Il aura fallu un arbitrage de Matignon pour tenter de sortir de la crise née de la réforme ratée des escortes de détenus. Le ministère de la justice et celui de l’intérieur ont annoncé, vendredi 3 mars, un mini Yalta dans la répartition des missions d’accompagnement des détenus entre leur lieu de détention et le tribunal, pour un procès ou une audition par un juge.

Décidée en 2010, la reprise par l’administration pénitentiaire des extractions judiciaires afin que la police et la gendarmerie se consacrent à leurs autres missions avait été d’emblée sous-calibrée en termes de besoins en personnel et surtout mal pilotée. Le résultat a été une pagaille sans nom : 21 % des extractions de détenu demandées par la justice en 2016 n’ont pas pu être réalisées. Ce qui a provoqué des remises en liberté automatiques de certains prévenus et de nombreux reports de procédures. Et ce, alors que moins de la moitié de la population carcérale avait basculé dans le nouveau dispositif.

Une nouvelle pause dans le transfert de ces missions a donc été décidée avec le report de six mois du basculement prévu en mai pour les établissements pénitentiaires des anciennes régions administratives Rhône-Alpes et Languedoc-Roussillon. Tout le calendrier de la réforme est décalé jusqu’à novembre 2019.

Surtout, la Place Beauvau, qui espérait pouvoir se débarrasser définitivement de cette charge, devra continuer à assurer les extractions judiciaires pour 21 des 180 établissements pénitentiaires de l’Hexagone. Il s’agit de prisons éloignées de la base des équipes régionales de surveillants chargées de ces transferts.

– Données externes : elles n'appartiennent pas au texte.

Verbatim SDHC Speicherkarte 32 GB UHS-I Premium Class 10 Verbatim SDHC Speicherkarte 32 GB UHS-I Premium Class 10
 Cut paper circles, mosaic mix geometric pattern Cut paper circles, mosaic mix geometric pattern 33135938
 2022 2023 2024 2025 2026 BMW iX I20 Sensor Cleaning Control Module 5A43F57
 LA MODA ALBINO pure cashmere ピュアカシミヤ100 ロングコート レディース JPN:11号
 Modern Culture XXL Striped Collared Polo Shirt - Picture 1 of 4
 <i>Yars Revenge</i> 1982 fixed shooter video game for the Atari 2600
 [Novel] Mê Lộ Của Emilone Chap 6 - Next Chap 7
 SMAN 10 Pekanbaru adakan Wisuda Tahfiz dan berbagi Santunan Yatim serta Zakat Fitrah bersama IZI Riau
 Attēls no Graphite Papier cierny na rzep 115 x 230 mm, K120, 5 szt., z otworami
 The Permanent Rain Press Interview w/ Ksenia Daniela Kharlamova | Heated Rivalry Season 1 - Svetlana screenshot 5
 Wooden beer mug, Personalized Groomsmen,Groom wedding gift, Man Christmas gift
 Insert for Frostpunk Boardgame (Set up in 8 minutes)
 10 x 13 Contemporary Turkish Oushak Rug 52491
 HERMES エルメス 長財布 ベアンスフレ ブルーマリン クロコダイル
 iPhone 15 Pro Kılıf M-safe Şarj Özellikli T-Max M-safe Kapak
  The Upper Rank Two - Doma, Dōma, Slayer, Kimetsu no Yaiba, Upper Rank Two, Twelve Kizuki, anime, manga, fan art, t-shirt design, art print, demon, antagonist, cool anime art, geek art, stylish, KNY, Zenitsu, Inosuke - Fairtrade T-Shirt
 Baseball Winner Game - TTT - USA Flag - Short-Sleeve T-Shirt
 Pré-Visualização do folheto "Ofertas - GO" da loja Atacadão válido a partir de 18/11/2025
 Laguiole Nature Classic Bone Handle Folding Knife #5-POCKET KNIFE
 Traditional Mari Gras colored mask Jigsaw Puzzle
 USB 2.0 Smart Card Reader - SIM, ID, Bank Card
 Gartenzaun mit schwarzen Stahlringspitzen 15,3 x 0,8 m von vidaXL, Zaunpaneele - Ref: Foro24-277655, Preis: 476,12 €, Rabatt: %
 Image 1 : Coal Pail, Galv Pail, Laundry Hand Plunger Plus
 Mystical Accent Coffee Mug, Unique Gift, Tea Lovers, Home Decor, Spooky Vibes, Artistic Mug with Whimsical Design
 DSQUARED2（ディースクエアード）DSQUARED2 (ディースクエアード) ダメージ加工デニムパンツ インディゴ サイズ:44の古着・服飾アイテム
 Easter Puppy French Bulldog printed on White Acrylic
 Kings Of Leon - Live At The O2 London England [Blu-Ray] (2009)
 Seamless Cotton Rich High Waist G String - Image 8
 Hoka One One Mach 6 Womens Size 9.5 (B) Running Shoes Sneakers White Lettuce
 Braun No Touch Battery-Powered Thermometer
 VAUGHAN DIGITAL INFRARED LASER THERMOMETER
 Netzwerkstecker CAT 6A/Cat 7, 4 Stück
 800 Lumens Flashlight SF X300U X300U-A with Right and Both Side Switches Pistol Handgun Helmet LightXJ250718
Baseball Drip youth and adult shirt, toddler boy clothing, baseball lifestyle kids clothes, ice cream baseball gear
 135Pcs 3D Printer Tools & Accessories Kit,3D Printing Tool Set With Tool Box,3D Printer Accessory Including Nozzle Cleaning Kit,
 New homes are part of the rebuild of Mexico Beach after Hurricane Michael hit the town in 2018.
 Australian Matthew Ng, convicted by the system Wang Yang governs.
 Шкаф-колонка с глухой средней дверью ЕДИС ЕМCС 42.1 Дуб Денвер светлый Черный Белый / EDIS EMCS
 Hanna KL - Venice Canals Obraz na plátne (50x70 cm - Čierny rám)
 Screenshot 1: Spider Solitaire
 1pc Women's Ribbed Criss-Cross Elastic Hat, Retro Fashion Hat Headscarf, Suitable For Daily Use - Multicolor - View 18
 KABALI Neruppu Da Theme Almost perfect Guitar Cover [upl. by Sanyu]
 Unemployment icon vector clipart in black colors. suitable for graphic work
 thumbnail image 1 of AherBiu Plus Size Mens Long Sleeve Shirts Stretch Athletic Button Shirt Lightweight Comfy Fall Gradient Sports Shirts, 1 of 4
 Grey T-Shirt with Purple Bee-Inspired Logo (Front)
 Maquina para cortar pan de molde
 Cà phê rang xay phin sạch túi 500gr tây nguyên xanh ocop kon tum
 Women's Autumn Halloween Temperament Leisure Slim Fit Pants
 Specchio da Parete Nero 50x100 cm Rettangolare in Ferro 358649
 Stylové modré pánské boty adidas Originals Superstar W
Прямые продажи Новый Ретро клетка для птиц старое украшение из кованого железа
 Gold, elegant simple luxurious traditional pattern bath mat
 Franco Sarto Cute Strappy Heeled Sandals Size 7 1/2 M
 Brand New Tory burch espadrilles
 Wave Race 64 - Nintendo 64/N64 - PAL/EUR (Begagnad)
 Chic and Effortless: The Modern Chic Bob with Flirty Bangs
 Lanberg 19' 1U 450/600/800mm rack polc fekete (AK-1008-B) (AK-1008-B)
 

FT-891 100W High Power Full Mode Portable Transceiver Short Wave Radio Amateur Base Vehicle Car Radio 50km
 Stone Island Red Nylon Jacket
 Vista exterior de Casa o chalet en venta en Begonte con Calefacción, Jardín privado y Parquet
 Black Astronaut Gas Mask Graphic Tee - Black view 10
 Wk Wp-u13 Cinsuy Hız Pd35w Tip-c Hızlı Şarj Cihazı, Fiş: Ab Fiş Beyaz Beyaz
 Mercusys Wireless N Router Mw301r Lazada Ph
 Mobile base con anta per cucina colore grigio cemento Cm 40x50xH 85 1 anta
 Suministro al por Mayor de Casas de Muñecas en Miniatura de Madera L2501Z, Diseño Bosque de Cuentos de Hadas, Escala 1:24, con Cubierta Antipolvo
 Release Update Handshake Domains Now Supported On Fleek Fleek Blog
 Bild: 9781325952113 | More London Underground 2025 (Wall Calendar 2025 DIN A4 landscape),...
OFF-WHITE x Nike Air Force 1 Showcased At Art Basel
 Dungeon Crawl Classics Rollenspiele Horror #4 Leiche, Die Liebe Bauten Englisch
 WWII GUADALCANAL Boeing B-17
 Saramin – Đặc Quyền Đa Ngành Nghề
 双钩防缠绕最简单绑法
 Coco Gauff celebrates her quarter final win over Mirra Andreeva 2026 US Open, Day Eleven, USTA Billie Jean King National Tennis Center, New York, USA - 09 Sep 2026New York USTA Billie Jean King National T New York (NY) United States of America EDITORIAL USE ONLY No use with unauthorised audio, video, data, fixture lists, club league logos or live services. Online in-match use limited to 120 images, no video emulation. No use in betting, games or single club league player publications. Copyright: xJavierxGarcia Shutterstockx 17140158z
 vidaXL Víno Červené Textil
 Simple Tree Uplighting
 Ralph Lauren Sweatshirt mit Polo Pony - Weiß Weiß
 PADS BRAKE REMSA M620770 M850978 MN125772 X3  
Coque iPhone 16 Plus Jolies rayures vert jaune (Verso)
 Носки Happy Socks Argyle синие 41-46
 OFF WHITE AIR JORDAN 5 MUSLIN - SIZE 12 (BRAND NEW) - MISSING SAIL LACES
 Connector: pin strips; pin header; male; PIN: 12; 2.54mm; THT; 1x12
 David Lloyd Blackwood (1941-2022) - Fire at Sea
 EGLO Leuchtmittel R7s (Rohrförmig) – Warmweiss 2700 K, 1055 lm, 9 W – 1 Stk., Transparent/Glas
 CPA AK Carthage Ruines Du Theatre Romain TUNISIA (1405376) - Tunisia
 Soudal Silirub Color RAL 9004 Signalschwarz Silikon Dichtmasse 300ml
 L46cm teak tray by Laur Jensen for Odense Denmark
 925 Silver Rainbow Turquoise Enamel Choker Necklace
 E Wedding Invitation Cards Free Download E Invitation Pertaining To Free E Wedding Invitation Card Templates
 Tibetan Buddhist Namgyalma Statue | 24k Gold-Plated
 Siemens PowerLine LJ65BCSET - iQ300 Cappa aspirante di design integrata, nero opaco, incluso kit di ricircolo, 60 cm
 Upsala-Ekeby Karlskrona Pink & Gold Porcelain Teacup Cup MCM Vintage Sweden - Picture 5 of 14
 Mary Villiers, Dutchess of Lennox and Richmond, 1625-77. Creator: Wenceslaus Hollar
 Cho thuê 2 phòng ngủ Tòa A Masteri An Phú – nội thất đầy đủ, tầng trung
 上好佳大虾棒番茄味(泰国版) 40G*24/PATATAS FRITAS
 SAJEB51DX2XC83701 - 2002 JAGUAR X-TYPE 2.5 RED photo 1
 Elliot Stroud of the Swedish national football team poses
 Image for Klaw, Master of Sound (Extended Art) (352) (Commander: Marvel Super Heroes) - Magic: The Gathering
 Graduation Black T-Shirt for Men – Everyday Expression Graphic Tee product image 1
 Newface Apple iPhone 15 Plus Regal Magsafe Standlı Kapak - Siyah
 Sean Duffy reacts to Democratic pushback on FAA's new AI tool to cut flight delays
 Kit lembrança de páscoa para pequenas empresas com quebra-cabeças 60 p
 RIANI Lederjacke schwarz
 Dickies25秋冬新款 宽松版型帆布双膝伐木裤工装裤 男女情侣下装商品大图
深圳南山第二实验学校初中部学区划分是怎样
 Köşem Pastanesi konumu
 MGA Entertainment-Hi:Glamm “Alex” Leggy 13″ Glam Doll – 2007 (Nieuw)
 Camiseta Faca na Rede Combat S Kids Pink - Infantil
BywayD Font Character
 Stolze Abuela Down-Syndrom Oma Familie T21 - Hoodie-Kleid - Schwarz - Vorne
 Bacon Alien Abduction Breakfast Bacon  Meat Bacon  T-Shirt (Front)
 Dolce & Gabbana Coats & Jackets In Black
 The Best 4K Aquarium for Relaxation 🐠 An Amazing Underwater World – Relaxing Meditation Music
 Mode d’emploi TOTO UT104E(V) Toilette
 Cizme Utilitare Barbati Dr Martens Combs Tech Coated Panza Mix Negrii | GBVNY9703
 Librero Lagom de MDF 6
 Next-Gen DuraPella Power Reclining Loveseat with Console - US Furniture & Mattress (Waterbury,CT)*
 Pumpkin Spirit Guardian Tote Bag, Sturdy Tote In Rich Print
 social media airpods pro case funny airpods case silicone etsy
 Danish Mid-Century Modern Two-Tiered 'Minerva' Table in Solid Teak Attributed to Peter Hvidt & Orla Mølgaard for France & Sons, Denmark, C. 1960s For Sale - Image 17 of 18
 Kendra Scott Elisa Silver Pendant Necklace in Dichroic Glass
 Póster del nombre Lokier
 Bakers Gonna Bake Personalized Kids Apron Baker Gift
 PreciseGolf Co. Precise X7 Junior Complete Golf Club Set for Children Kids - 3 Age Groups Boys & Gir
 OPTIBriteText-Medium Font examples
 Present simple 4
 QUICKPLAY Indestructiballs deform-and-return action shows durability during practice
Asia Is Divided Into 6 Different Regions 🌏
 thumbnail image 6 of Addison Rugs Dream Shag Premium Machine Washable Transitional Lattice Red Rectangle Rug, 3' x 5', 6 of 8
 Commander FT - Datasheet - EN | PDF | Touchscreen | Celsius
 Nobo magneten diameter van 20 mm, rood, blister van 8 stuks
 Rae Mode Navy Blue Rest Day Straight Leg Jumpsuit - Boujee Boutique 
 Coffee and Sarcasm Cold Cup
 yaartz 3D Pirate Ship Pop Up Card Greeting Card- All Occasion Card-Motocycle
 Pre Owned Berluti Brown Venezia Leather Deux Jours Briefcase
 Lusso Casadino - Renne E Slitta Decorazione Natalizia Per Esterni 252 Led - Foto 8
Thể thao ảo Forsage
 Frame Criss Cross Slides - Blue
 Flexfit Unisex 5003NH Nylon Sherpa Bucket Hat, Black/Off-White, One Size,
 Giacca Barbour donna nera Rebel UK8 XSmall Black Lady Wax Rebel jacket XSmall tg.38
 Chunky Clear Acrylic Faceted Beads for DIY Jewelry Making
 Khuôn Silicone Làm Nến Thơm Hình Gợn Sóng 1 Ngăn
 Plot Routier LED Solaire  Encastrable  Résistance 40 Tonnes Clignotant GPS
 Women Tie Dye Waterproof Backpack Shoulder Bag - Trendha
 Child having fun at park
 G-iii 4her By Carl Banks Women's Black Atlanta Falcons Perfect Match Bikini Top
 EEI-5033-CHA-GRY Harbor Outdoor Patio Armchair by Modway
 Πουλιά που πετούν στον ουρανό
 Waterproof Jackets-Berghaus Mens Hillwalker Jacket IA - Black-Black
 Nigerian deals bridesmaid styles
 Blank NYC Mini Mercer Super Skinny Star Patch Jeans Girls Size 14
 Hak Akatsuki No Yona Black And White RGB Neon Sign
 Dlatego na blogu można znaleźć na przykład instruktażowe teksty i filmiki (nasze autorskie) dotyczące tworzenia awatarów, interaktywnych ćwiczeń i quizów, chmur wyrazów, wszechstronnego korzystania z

Une grille de critères sera élaborée

En parallèle, toute l’organisation de la pénitentiaire est remise à plat avec la nomination d’un directeur de projet directement rattaché au secrétaire général du ministère de la justice. Les emplacements des équipes régionales, parfois trop éloignées des lieux de détention ou des juridictions concernées, vont être revus. Et afin de réduire les besoins en personnel, les escortes seront composées, sauf pour les détenus dangereux, de deux surveillants armés. Alors que la police et la gendarmerie effectuaient ces opérations à deux agents, les équipes pénitentiaires ont pris l’habitude de faire plus de 90 % de ces transferts à trois ou quatre.

Une bonne part des recommandations du rapport alarmant remis en octobre 2016 au gouvernement par l’inspection générale sont reprises aujourd’hui par le ministère de la justice. Cela s’inscrit dans la création des équipes de sécurité pénitentiaire dans lesquelles seront fondus les pôles de rattachement des extractions judiciaire. Ces pôles ont symbolisé le fiasco qui a empêché par exemple de réaliser en 2016 quatre extractions judiciaires sur dix en Bretagne, région où le garde des sceaux, Jean-Jacques Urvoas, briguera en juin un nouveau mandat de député.

Il n’est pas sûr pour autant que les difficultés disparaissent. Il est ainsi officiellement prévu de pouvoir continuer de solliciter la police ou la gendarmerie lorsqu’une « impossibilité de faire » sera opposée à une demande d’extraction d’un détenu par un magistrat. Mais une concertation est organisée entre les administrations au plus haut niveau pour mieux gérer ces appels au secours qui ont passablement agacé les personnels. Une grille de critères sera élaborée pour distinguer les mouvements de détenus qui ne peuvent être retardés au risque de compromettre une procédure judiciaire.

Autre recette avancée, le développement de la visioconférence afin de pouvoir tenir à distance une audience avec un magistrat. Jusqu’ici, cette solution alternative a été extrêmement peu prisée tant par les juges que par les détenus.